What is needed is an exact copy of every record.

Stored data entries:
◇ ◇ ◇ ◇ ◇
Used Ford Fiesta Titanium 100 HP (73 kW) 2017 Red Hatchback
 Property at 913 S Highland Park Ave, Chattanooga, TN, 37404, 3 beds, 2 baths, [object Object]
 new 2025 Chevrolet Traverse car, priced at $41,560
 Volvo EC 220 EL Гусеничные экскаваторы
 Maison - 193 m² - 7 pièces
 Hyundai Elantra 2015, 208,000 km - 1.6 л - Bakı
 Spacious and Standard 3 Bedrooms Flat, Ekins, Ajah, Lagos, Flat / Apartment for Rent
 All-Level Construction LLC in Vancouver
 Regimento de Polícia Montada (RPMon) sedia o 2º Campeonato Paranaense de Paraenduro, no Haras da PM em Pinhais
◇ ◇ ◇ ◇ ◇
→ **Written answer**
Used Ford Fiesta Titanium 100 HP (73 kW) 2017 Red Hatchback
 Property at 913 S Highland Park Ave, Chattanooga, TN, 37404, 3 beds, 2 baths, [object Object]
 new 2025 Chevrolet Traverse car, priced at $41,560
 Volvo EC 220 EL Гусеничные экскаваторы
 Maison - 193 m² - 7 pièces
 Hyundai Elantra 2015, 208,000 km - 1.6 л - Bakı
 Spacious and Standard 3 Bedrooms Flat, Ekins, Ajah, Lagos, Flat / Apartment for Rent
 All-Level Construction LLC in Vancouver
 Regimento de Polícia Montada (RPMon) sedia o 2º Campeonato Paranaense de Paraenduro, no Haras da PM em Pinhais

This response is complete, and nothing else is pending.